Cour Administrative d'Appel de Nantes — Décision N° CAA44-25NT01035

mercredi 12 novembre 2025

JuridictionCour Administrative d'Appel de Nantes
SectionCour Administrative d'Appel de Nantes
N° DossierCAA44-25NT01035
TypeOrdonnance
Recoursexcès de pouvoir
PublicationD
FormationJuge des référés
Avocat requérantSELARL R & P AVOCATS OLIVIER RENARD

Texte intégral

Vu la procédure suivante :

Procédure contentieuse antérieure :

M. A... B... et Mme D... C... épouse B... ont demandé au tribunal administratif de Nantes d’annuler les arrêtés du 29 juin 2023 du préfet de Maine-et-Loire portant refus de titre de séjour, obligation de quitter le territoire français dans un délai de trente jours, fixation du pays de destination.

Par un jugement nos 2406262, 2406251 du 20 mars 2025, le tribunal administratif de Nantes a rejeté leurs demandes.

Procédure devant la cour :

Par une requête et un mémoire, enregistrés les 11 avril 2025 et 16 mai 2025, M. B..., représenté par Me Renard, demande à la cour :

1°) d’annuler ce jugement du 20 mars 2025 du tribunal administratif de Nantes en tant qu’il a rejeté sa demande tendant à l’annulation de l’arrêté du 29 juin 2023 du préfet de Maine-et-Loire ;

2°) d’annuler l’arrêté du 29 juin 2023 du préfet de Maine-et-Loire ;

3°) d’enjoindre au préfet de Maine-et-Loire de lui délivrer un titre de séjour ou de réexaminer sa situation dans un délai d’un mois à compter de la notification de l’arrêt à intervenir, sous astreinte de 100 euros par jour de retard ;

4°) de mettre à la charge de l’Etat la somme de 1 800 euros au titre des dispositions des articles L. 761-1 du code de justice administrative et 37 de la loi du 10 juillet 1991.

Il soutient que :
- le jugement attaqué est insuffisamment motivé ;
- l’arrêté contesté n’est pas suffisamment motivé ;
- la décision portant refus de titre de séjour n’a pas été précédée d’un examen de sa situation ; elle méconnaît les dispositions des articles L. 423-23 et L. 435-1 du code de l’entrée et du séjour des étrangers et du droit d’asile ; elle méconnaît les stipulations de l’article 8 de la convention européenne de sauvegarde des droits de l’homme et des libertés fondamentales et celle du 1 de l’article 3 de la convention internationale relative aux droits de l’enfant ; elle est entachée d’une erreur manifeste d’appréciation ;
- la décision portant obligation de quitter le territoire français n’a pas été précédée d’un examen de sa situation ; elle doit être annulée par voie de conséquence de l’annulation de la décision portant refus de titre de séjour ; elle méconnaît les stipulations de l’article 8 de la convention européenne de sauvegarde des droits de l’homme et des libertés fondamentales et celle du 1 de l’article 3 de la convention internationale relative aux droits de l’enfant ; elle est entachée d’une erreur manifeste d’appréciation ;
- la décision fixant le pays de destination doit être annulée par voie de conséquence de l’annulation de la décision portant obligation de quitter le territoire français.

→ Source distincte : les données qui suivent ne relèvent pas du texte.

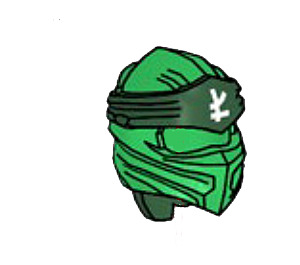 LEGO Ninjago Wrap avec Dark Green Headband avec blanc Ninjago Logogram (1088 / 40925)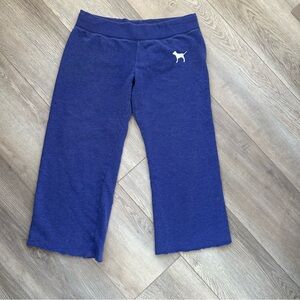 Victoria’s Secret Pink Blue Cropped Sweatpants with Dog Logo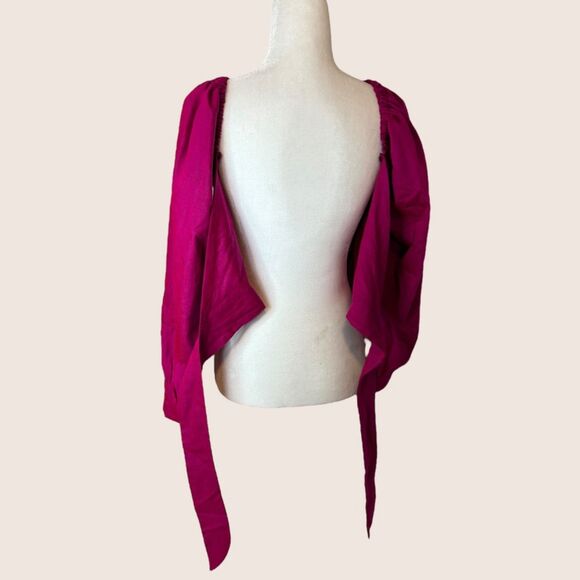 🩷 KARAH MADE IN CALIFORNIA HOT PINK WRAP CROP TOP LONG SLEEVE SMALL - Picture 5 of 7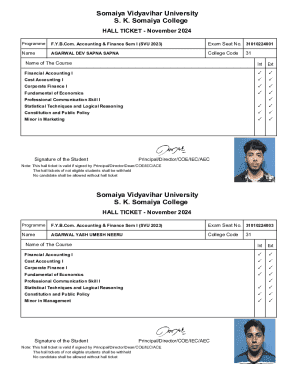 Hall Ticket for F.Y.B.Com. Accounting & Finance Sem I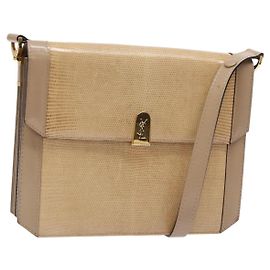 SAINT LAURENT Borsa a Spalla in Pelle Beige Oro Embossed Auth 137993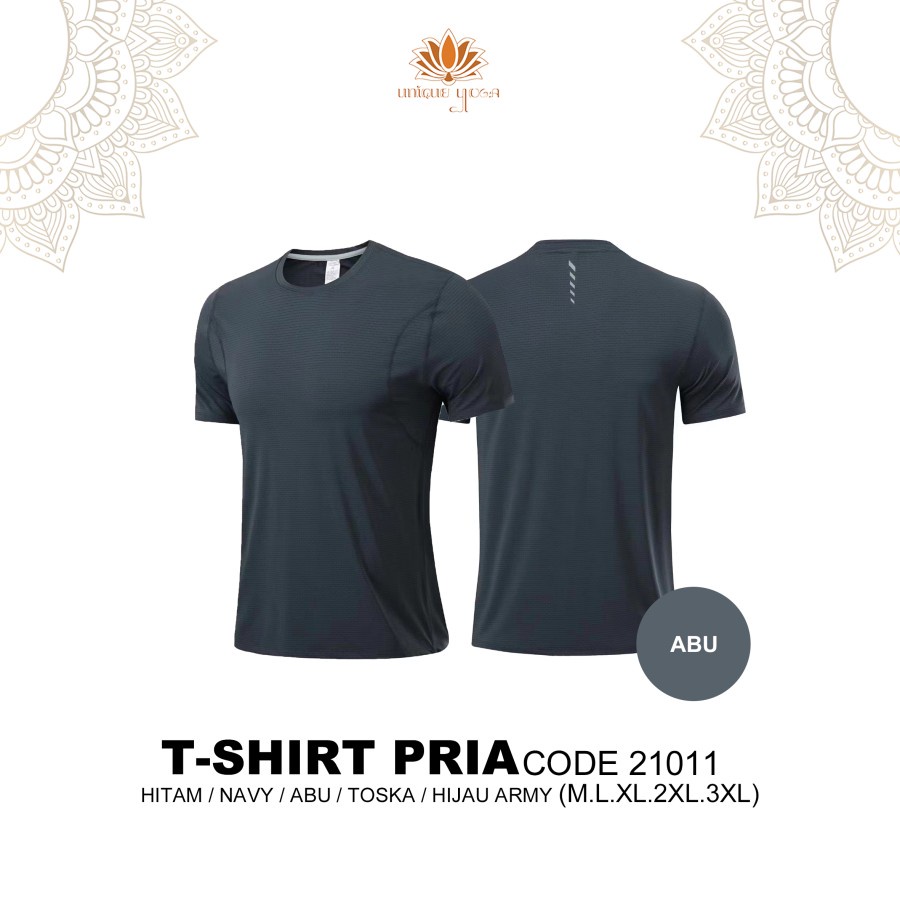Kaos Olahraga Senam Yoga Pria Gym Running Dry Fit / Baju Sport Pria / Pakaian Olahraga Pria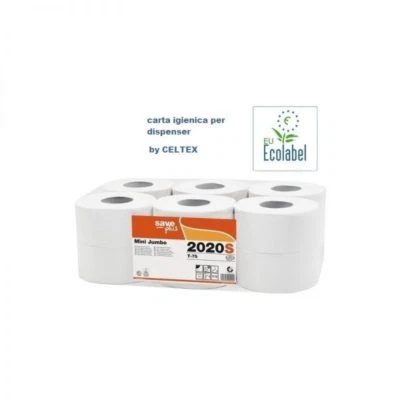 12 ROTOLI CARTA IGIENICA JUMBO MINI SAVE ROTOLO X DISPENSER OVATTA DI CELLULOSA - Immagine 1 di 2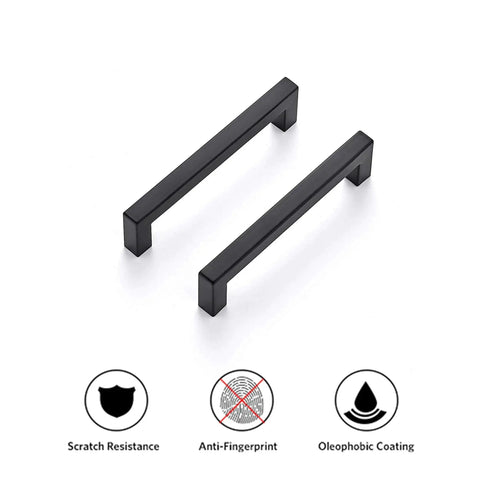 Square Bar Cabinet Handles Matte Black Set Of 10 With 5 Inch Hole Center And 5-1/2 Inch Overall Length Includes 1 Inch And 1.4 Inch Breakaway Screws And Built-In Screwdriver For Easy Drawer And Door Installation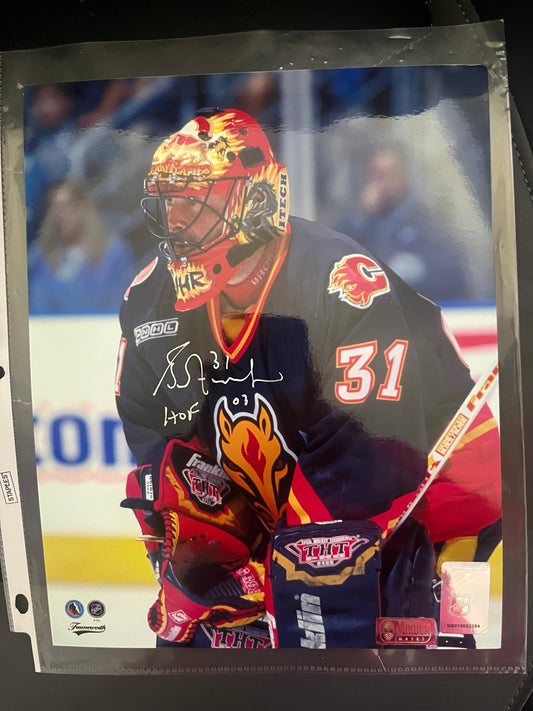 Grant Fuhr signed  8x10 Flames with HOF   Mikula Mask COA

La demande d’aide juridictionnelle présentée par M. B... a été rejetée par une décision du 5 mai 2025.

Vu les autres pièces du dossier.

Vu :
- la convention européenne de sauvegarde des droits de l’homme et des libertés fondamentales ;
- la convention internationale relative aux droits de l’enfant ;
- le code des relations entre le public et l’administration ;
- le code de l’entrée et du séjour des étrangers et du droit d’asile ;
- la loi n° 91-647 du 10 juillet 1991 ;
- le code de justice administrative.


Considérant ce qui suit :

1. Aux termes du dernier alinéa de l’article R. 222-1 du code de justice administrative : « (…) les présidents des formations de jugement des cours (…) peuvent (…) par ordonnance, rejeter (…) après l’expiration du délai de recours ou, lorsqu’un mémoire complémentaire a été annoncé, après la production de ce mémoire les requêtes d’appel manifestement dépourvues de fondement. (…) ».

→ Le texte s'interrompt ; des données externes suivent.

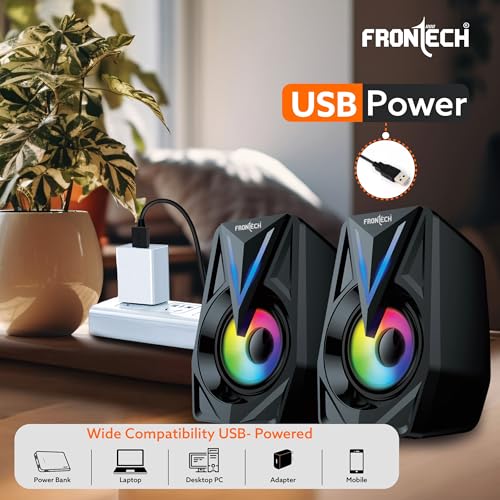 Image of FRONTECH Multimedia Speakers | 12W Output | 2.0 Channel Stereo Sound | RGB Lighting | USB Powered | 3.5mm AUX | 1 Year Warranty (SPK-0014)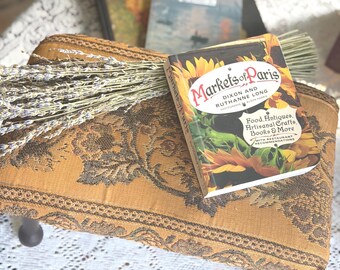 Vintage Tapestry Footstool Ottoman, Cottagecore Decor, French Country Upholstered Stool, Small Vanity Foot Rest, Romantic Home Accent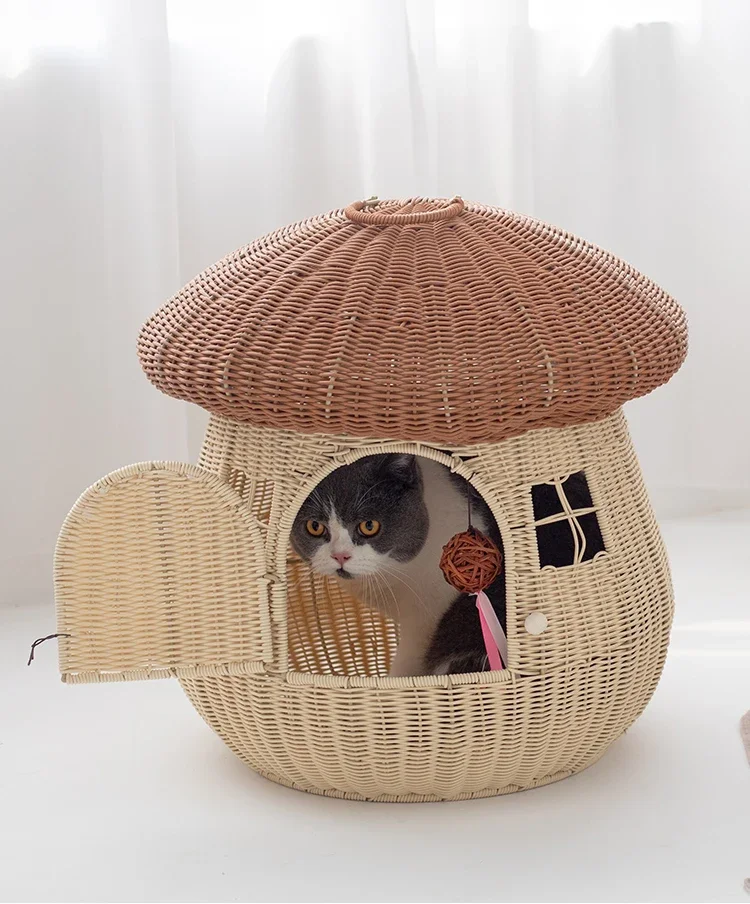 Cat's Nest Four Seasons Universal Mushroom House Pet Supplies Summer Vine Weaving Closed Cat House Removable and Washable Villa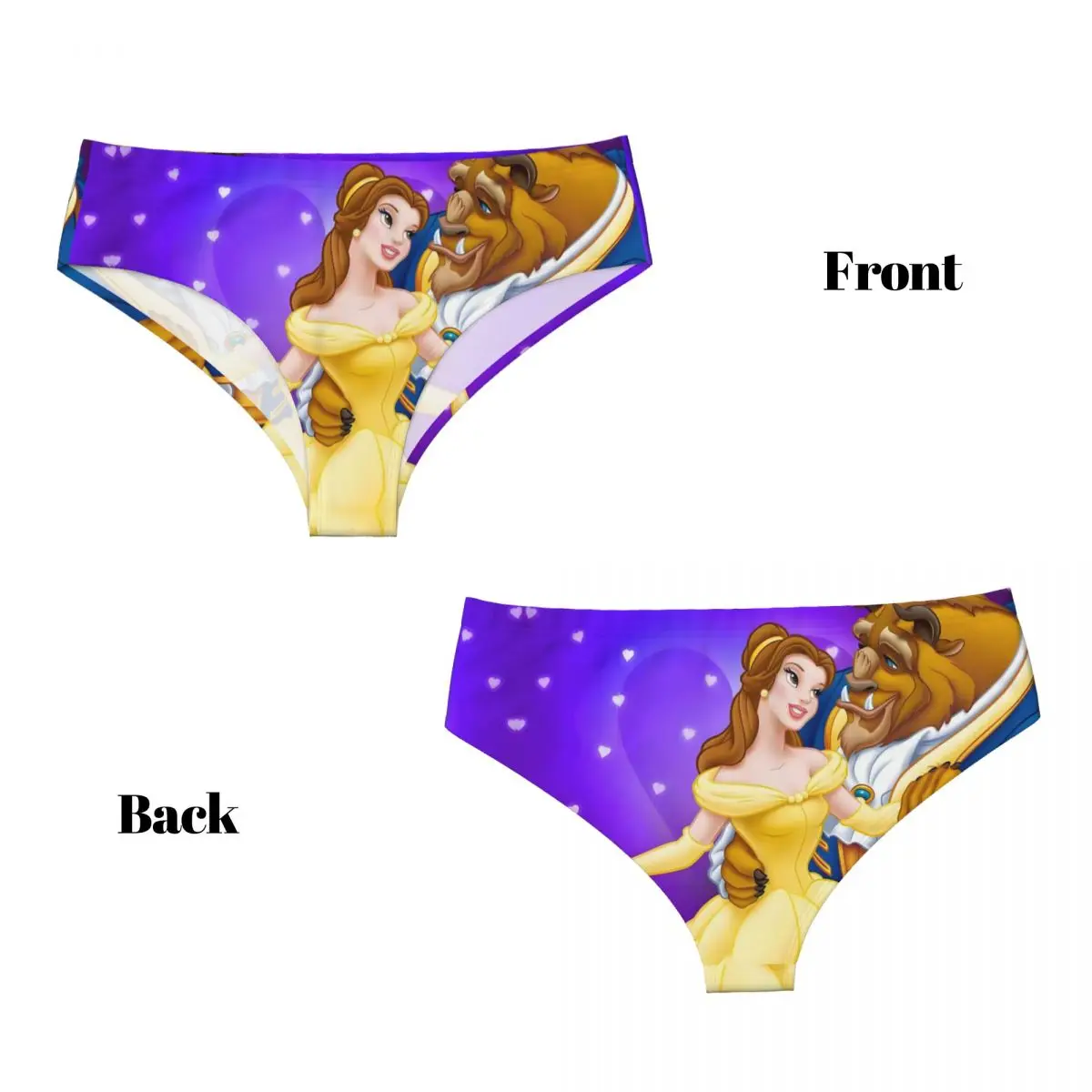 カスタム美女と野獣漫画ブリーフ下着女性用通気性ストレッチコミックパンティー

2. M. B..., ressortissant kosovar, relève appel du jugement du 20 mars 2025 du tribunal administratif de Nantes en tant qu’il a rejeté sa demande tendant à l’annulation de l’arrêté du 29 juin 2023 du préfet de Maine-et-Loire portant refus de titre de séjour, obligation de quitter le territoire français dans un délai de trente jours, fixation du pays de destination.

3. En premier lieu, il résulte des motifs du jugement attaqué que le tribunal administratif de Nantes a répondu de façon suffisante aux moyens présentés par M. B... dans ses écritures de première instance. Ce jugement satisfait ainsi aux exigences de motivation posées par l’article L. 9 du code de justice administrative. Dès lors, le moyen tiré de ce que le jugement attaqué serait entaché d’irrégularité faute d’être suffisamment motivé doit être écarté.

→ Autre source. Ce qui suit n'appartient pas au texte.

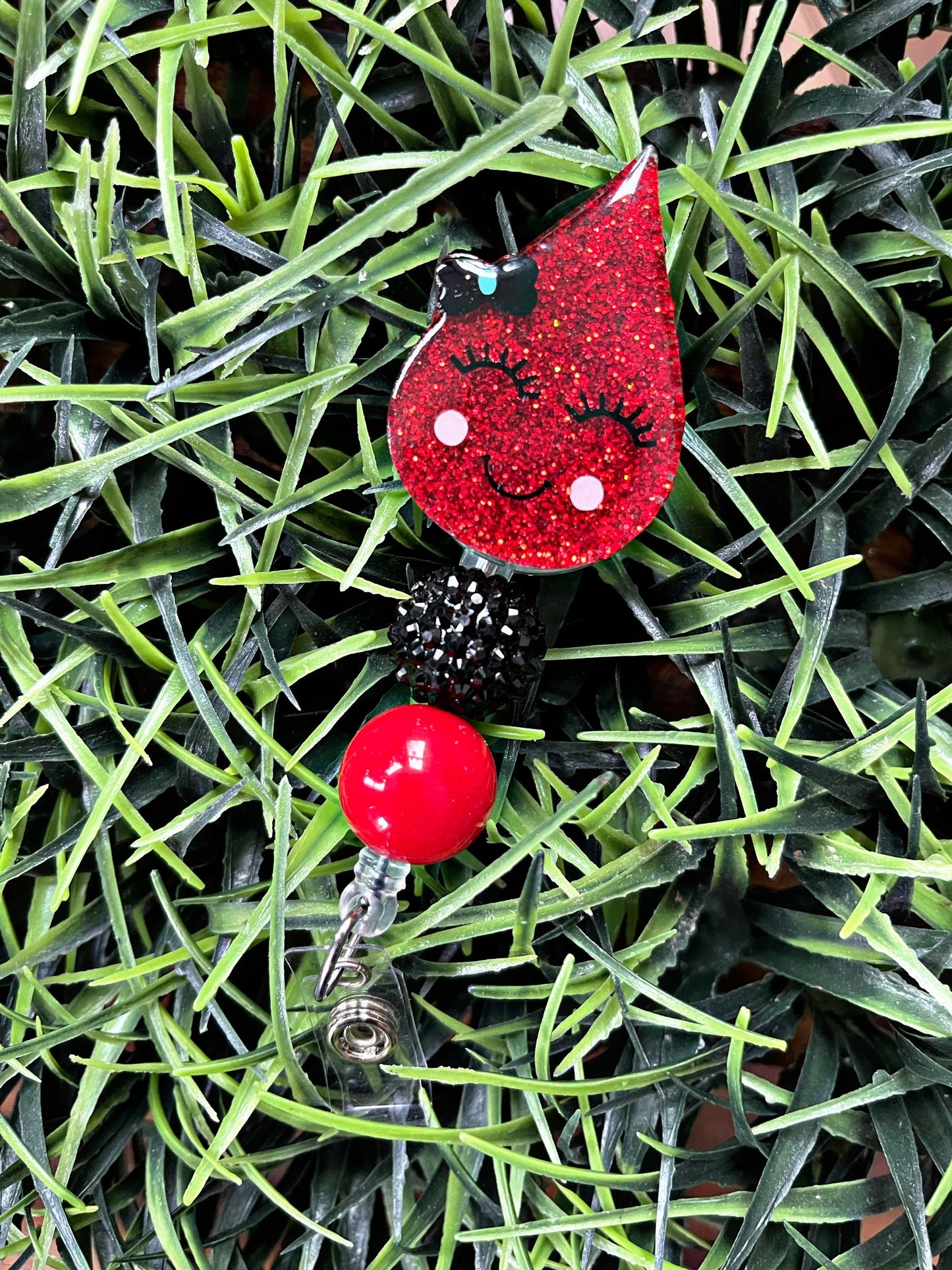 Blood Drop Badge Reel -  Phlebotomy ID Clip- Glittered Badge Holder- Retractable Medical ID Holder- Nurse Gift- Phlebotomist  Swivel Clip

4. En deuxième lieu, il convient d’écarter par adoption des motifs retenus à bon droit par les premiers juges les moyens tirés de ce que l’arrêté contesté est insuffisamment motivé et de ce que les décisions portant refus de titre de séjour et obligation de quitter le territoire français n’ont pas été précédées d’un examen de sa situation, moyens que M. B... réitère en appel sans apporter d’élément nouveau.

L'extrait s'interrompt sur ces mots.